---------- Data for review ----------

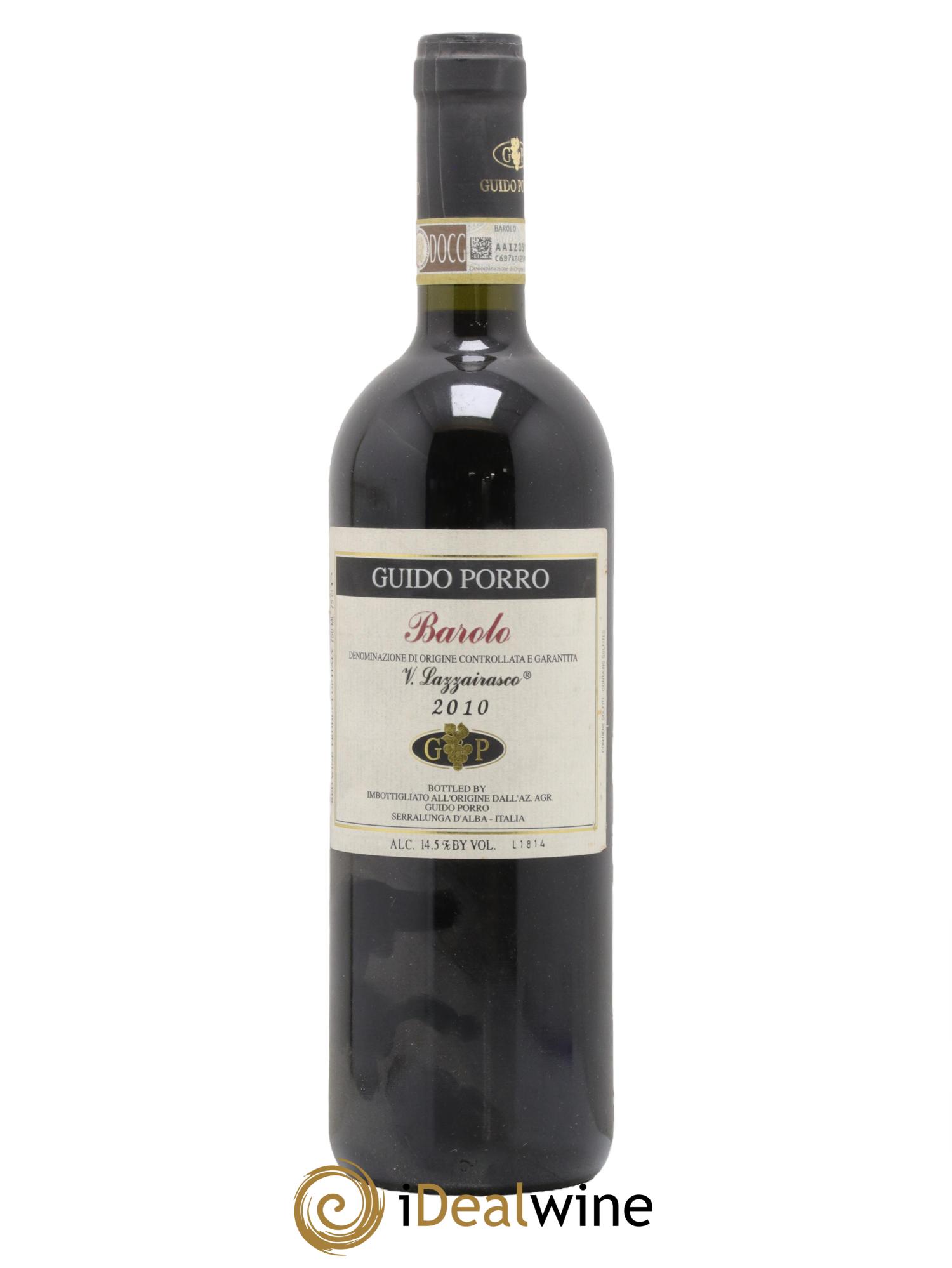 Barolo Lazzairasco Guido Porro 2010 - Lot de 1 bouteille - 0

----------
---------- Data for review ----------

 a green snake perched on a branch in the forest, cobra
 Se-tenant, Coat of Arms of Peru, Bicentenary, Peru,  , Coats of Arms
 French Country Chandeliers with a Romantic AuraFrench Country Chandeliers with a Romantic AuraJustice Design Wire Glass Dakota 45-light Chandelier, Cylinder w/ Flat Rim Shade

----------

Keeping every character as it is, restate the lines above that run from the line with "a green snake" through the line with "French Country Chandeliers with a Romantic AuraFrench", both included, and nothing else.

 a green snake perched on a branch in the forest, cobra
 Se-tenant, Coat of Arms of Peru, Bicentenary, Peru,  , Coats of Arms
 French Country Chandeliers with a Romantic AuraFrench Country Chandeliers with a Romantic AuraJustice Design Wire Glass Dakota 45-light Chandelier, Cylinder w/ Flat Rim Shade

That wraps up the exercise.